The episodes sometimes stretch the limits of belief. But what the heck! No one is making a statement here on the politically correct conduct of the Indian woman.
In what can be regarded as one of the most defiantly unconventional debut performances, Paoli lets herself go with the furious flow of her character's vendetta.
The episodes hammer into one another with scarce room to breathe. The pace is dizzy most of the way. And when it slows down, you feel the protagonist's vendetta is losing its steam.
Steamy lovemaking scenes are strewn across the narrative's stricken landscape. The soundtrack suggests there's an urgent tragedy nudging the erotic content. The dialogues by Rohit Malhotra don't shy away from telling it like it is.
Vikram Bhatt's screenplay is Sidney Sheldon territory. It doesn't shy away from showing the heroine in an unflattering light. This is new-age cinema with no room for conventional narrative devices or apologies for what the protagonist sets out to do.
If in The Dirty Picture, Vidya Balan wore her sexuality on her sleeve, in Hate Story, Paoli uses her sexuality like a favoured currency in the stock market.
Mint-fresh and shock-proof, Paoli interprets her character with vigorous conviction. As her adversary Gulshan Devaiah (so watchable in Shaitan and That Girl In Yellow Boots) careens between rage and anguish quite effortlessly.
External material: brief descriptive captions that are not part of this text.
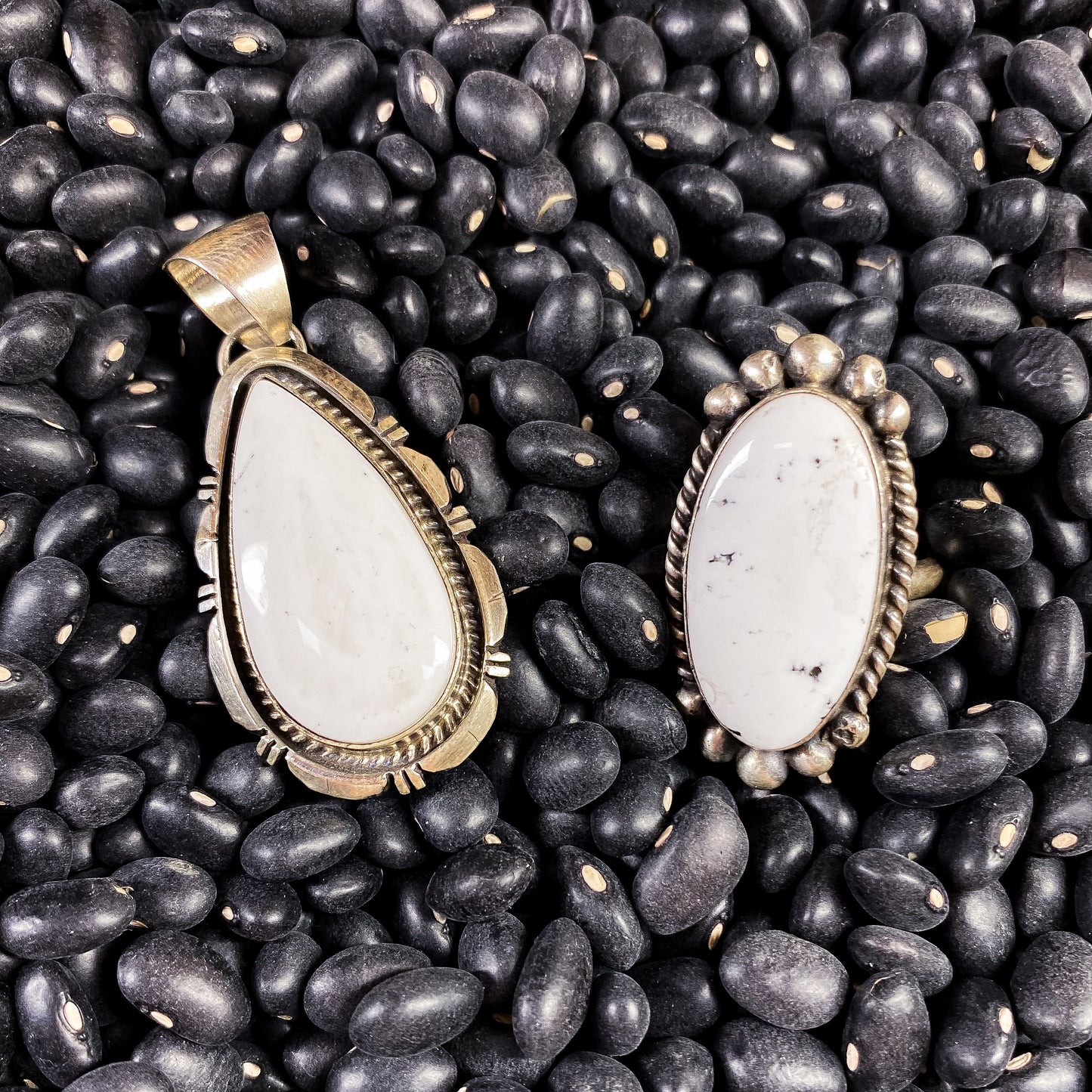 Adjustable White Buffalo Ring with Silver Edge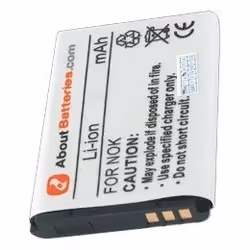 AboutBatteries 187158, Batterie, Nokia, Blanc, Lithium-Ion (Li-Ion), 900 mAh, 3,7 V
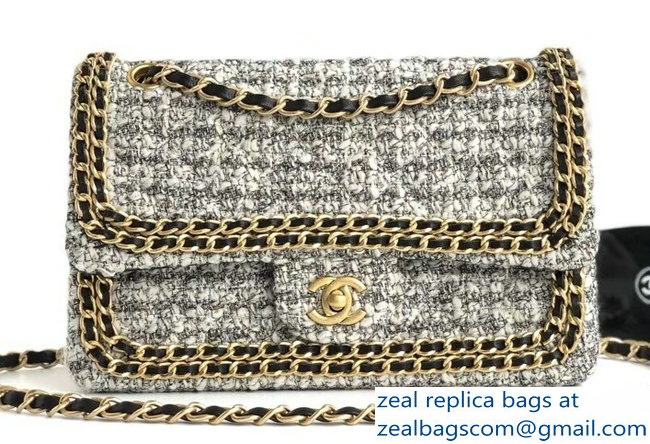 Chanel Tweed Chain Around Classic Flap Bag A1112 Gray 2019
Hate Story is not quite the tale of the simpering wronged woman we've been seeing in our films since the time Adam impregnated Eve.
Hate Story pushes the envelope so hard, all the contents spill out in a torrential tumble of tantalising power-play set within the world of corporate battles and gender conflicts.
This is a most riveting and aesthetic saga of a woman's revenge against the man who's wronged her since RK Nayyar's Inteqaam - except for the fact that Paoli does things Sadhana in Nayyar's film could have never imagined.